The best way to confirm an protein-protein interaction? - Between a protein and an intergrator (Oct/18/2007 )
We are studying a function of a protein (X), which is found in an economically important crop plant. We have isolated and characterized the proteins interaction partners by using a high quality yeast two hybrid prey library, produced from the crop plant that we are working with.
Our question is now: which is the best method to use for studying protein-protein interactions between the protein (X) and a newly isolated interator (Y)? The method should preferably rule out that the interaction is brigded by another protein (Z). Is co-immunoprecipitation the way to go or are there better methods? Which one?
Thanks.
Our question is now: which is the best method to use for studying protein-protein interactions between the protein (X) and a newly isolated interator (Y)? The method should preferably rule out that the interaction is brigded by another protein (Z). Is co-immunoprecipitation the way to go or are there better methods? Which one?
Thanks.
The best way to determine if protein X and protein Y are directly interacting (ie: no bridging protein) is to do a GST pull-down. Essentially you put both proteins in a test tube and see if they interact. You need one protein expressed with a GST tag in either bacteria or baculovirus infected insect cells. You can actually do this with other tags but GST is clean and easy. The other protein you produce in an in vitro transcribe/translate reaction (TNT) and label with 35S-Met. Add some TNT product to the GST-bead bound protein and determine if there was any binding with an autoradiograph. The primary critisism of a GST pulldown is that it's all in vitro and very artificial. You should certainly try to back up any observed binding from the pull down with a CO-IP which is often considered the gold standard of interaction studies. This indicates that the interaction occurs in vivo as well. If you don't see any binding in the pulldown you may have to do CO-IP to determine if it doesn't occur or needs a mediator protein.

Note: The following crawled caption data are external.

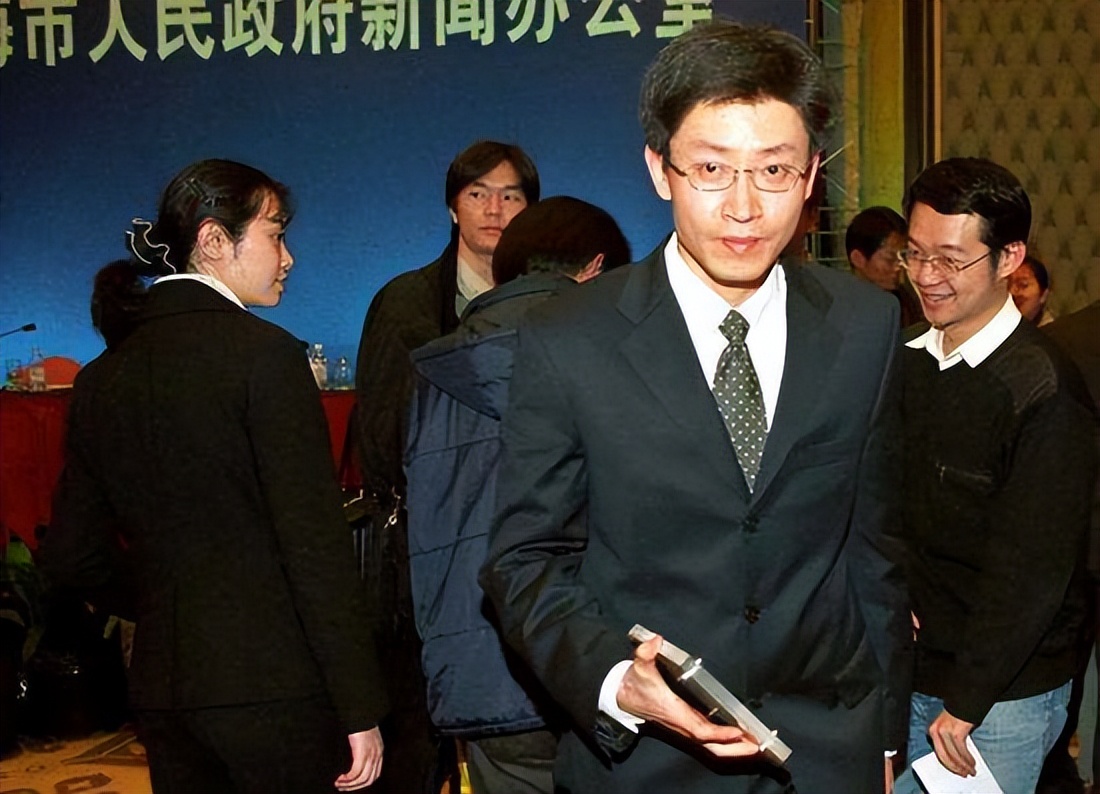 柳传志耽误芯片的研发了吗,柳传志为什么不发展芯片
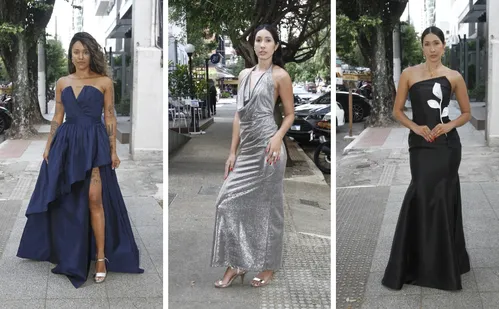 
          Imagem ilustrativa da imagem Looks inspirados na festa do Oscar 2026
          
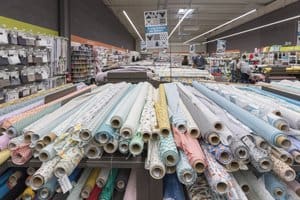Franchise Mondial Tissus : un modèle gagnant pour les petites villes
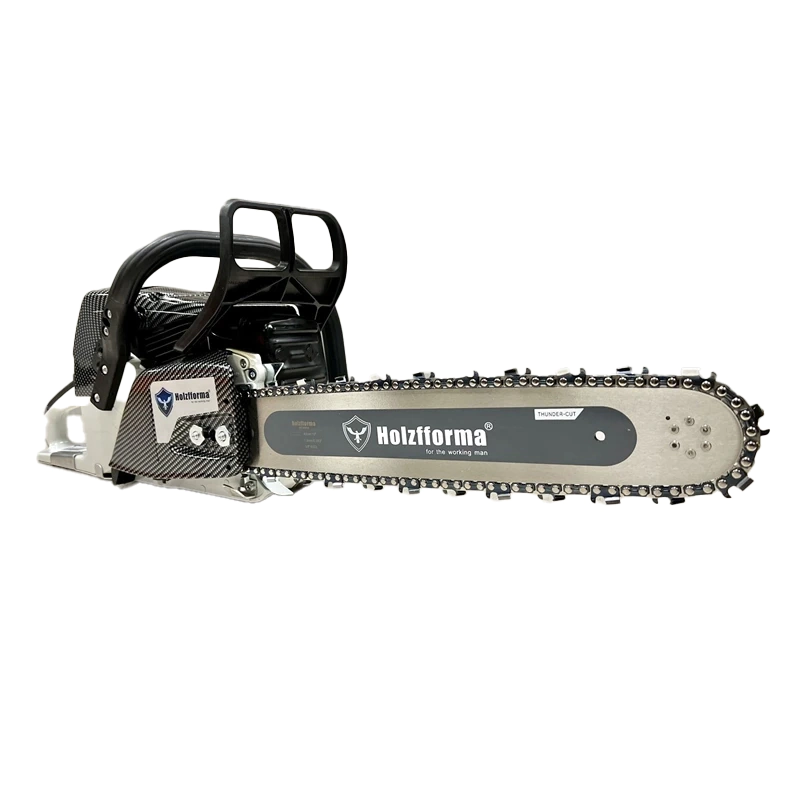 Holzfforma G366 PRO бензопила 18" CS36166GYPRO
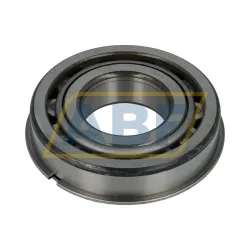 Цилиндрический роликовый подшипник однорядный NUP312NR NTN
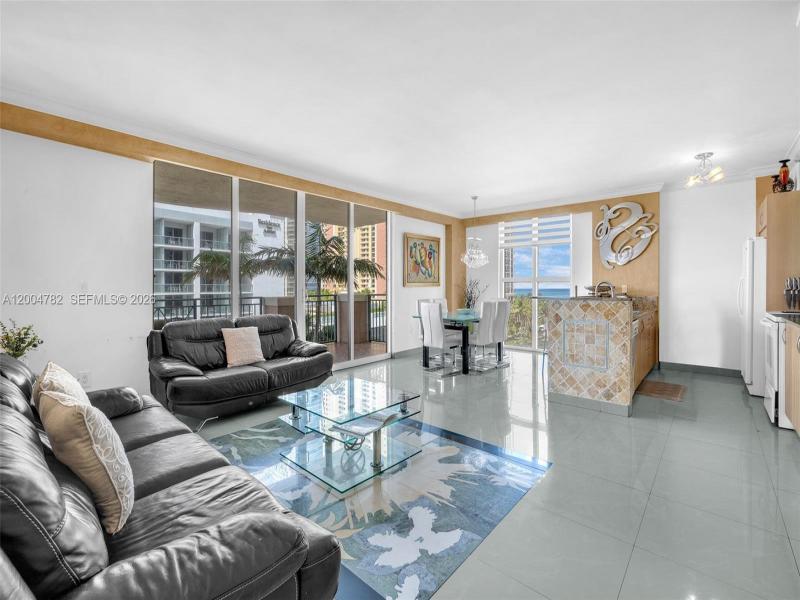 Comprar apartamento en King David 707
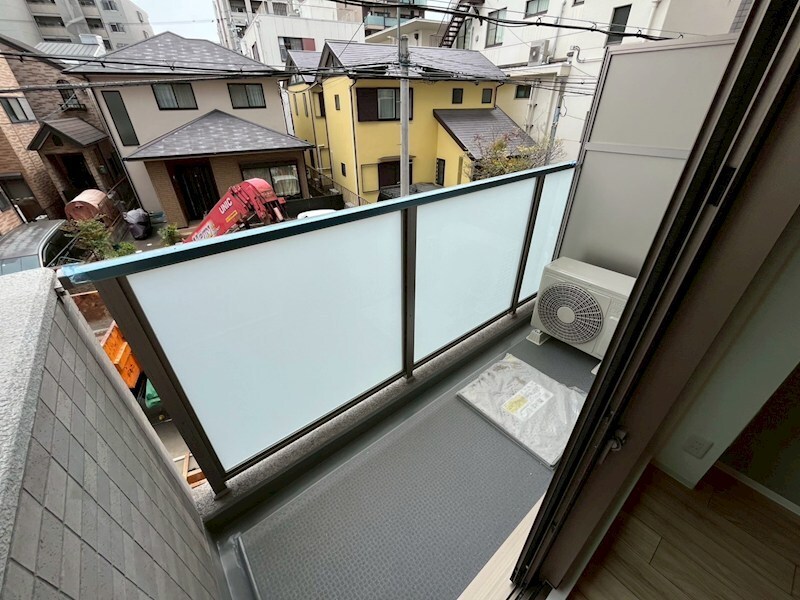 深江駅 徒歩2分 4階の物件内観写真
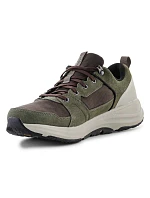 Pánska obuv M 216106-OLBR green-beige - Skechers Pánska obuv M 216106-OLBR green-beige - Skechers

Thank you so much for the help! 
Our question is now: which is the best method to use for studying protein-protein interactions between the protein (X) and a newly isolated interator (Y)? The method should preferably rule out that the interaction is brigded by another protein (Z). Is co-immunoprecipitation the way to go or are there better methods? Which one?
Thanks.
you can perform far western blots, co-immuoprecipitations or pull-down assays if there are tagged (not restricted to GST) proteins
I think that you can also express both proteins by the in vitro TNT systems, both as tagged proteins, e.g. 1 with HA and the other with Myc (provided that you don't have the antibodies for them). Then you can do IP with anti-HA and then detect with anti-Myc, and/or vice versa. That way you don't need radioactive. Or else you could do a GST-X pull-down a His-Y.